MCM HAS CROSSED ‘RED LINE’ SAYS GREENS
By KELVIN SIABANA THE Green Party says Mopani Copper Mines (MCM) has crossed the red line by cancelling 300 contracts for Zambian suppliers and contractors in addition to its planned retrenchment of 4,700 miners.
Party president Peter Sinkamba said if Government has failed to veto the absurd MCM management through the Golden Share scheme, then it was high time President Edgar Lungu invoked the Emergency Powers Act to end the impunity of the company.
Mr Sinkamba said according to Section 3 Regulation 2 of the Emergency Powers Act, it empowers the President to take over, on behalf of the government any undertaking in an industry which has been declared a strategic industry by the President.

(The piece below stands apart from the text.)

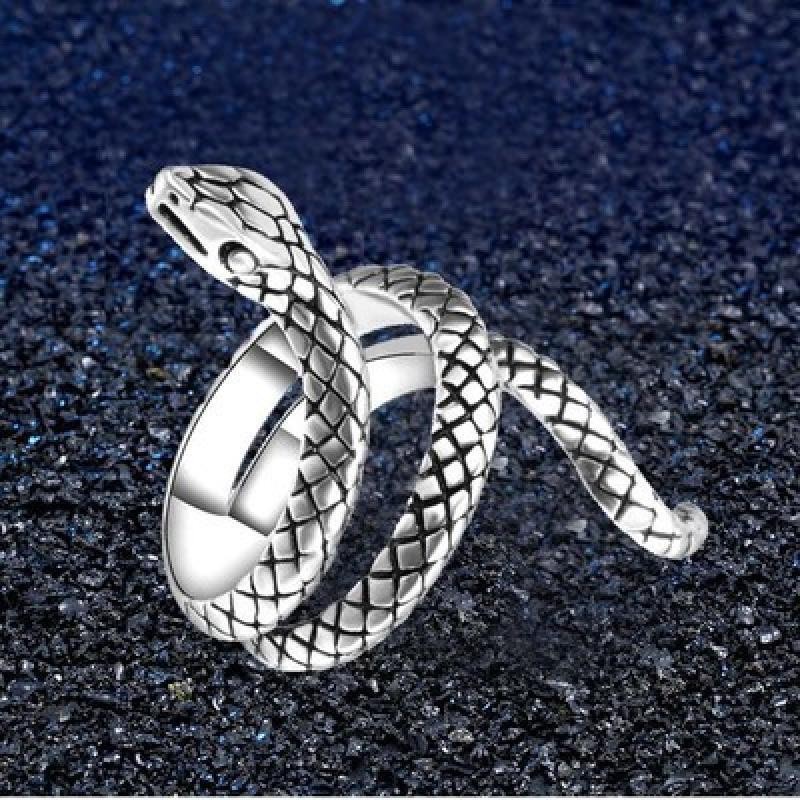 [Joyería X C] Punk Snake Silver Ring for Women Animal Shape Fashion Jewelry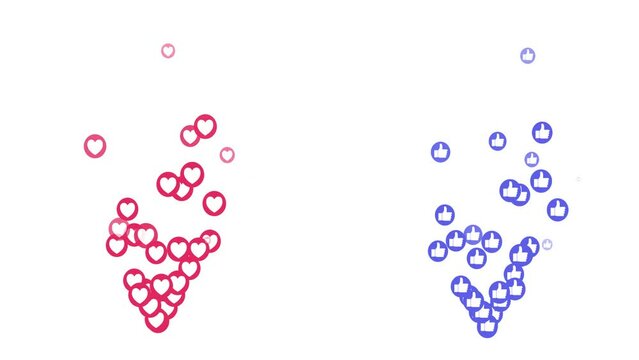 two rising streams of likes and hearts on a white background and alpha channel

“Mines are classified as strategic industries and therefore eligible for compulsory acquisition if the manner in which management of the mine is running the company is inimical to State security and national economy," Mr Sinkamba said
Mr Sinkamba said he expected President Lungu to move in and deal with the issue of MCM personally because Parliament has given him the powers through the resolution which was overwhelmingly supported.
“A captured economy is thereby trapped in a vicious circle in which the policy and institutional reforms necessary to improve governance are undermined by collusion between powerful firms and state officials who extract substantial private gains from the absence of clear rule of law and interventions by government officials,” said Mr Sinkamba.
Mr Sinkamba said Mopani, has been operating for 17 years in Zambia and has not paid any dividends of the mandatory 20 percent to government and kept all the profits to itself.
He said and the mining company has laid off about 30,000 workers from 2000 during the privatisation process and planned to retrench more than 4,000 workers both in Mufulira and Kitwe offices.
He said the company has been giving petty businesses to Zambian suppliers and contractors with the bulk of businesses given to Peruvians and South Africans, even for the petty businesses, 300 such contracts have been terminated.
Mr Sinkamba said it was embarrassing that Mopani was failing to pay for electricity and owes Copperbelt Energy Corporation US$15 million and yet it was making a big profit from the copper sales whose price was almost US$7,000 a ton.